# ASSIGNMENT
Pictures must not appear; the answer is exactly the lines from the one that holds "Spellbound 1945 Trailer [upl. by Macpherson]" through the end of the material.

# DATA SHOWN
BEGIN
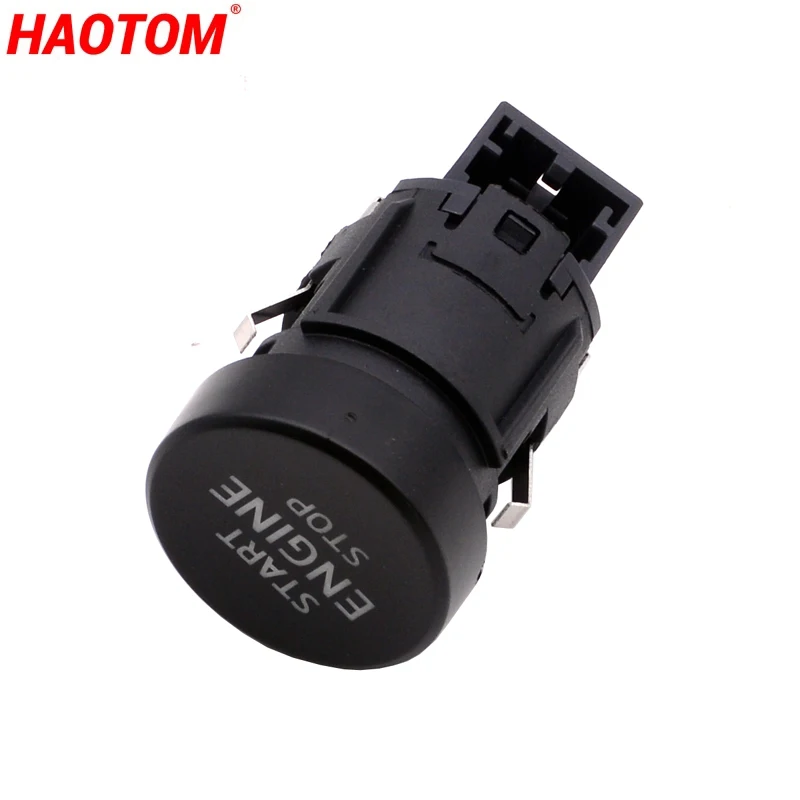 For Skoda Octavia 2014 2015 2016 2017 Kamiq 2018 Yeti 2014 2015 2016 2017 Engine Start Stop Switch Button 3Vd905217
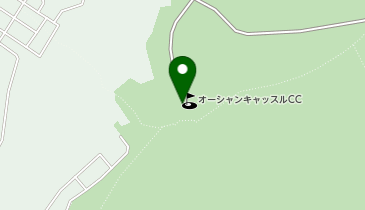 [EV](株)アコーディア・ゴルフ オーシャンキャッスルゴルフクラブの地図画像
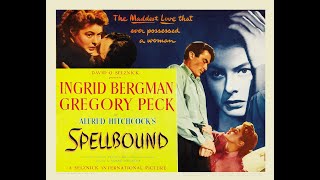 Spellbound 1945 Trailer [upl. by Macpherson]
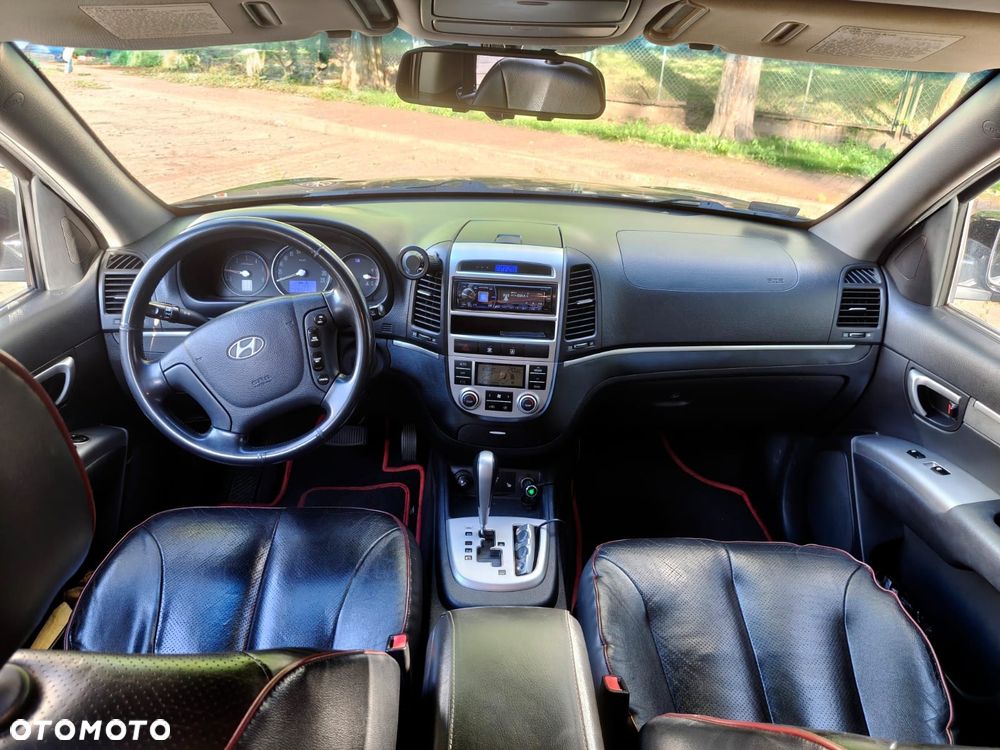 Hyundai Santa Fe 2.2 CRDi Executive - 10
END
# COMPLETED EXERCISE
 Spellbound 1945 Trailer [upl. by Macpherson]
 Hyundai Santa Fe 2.2 CRDi Executive - 10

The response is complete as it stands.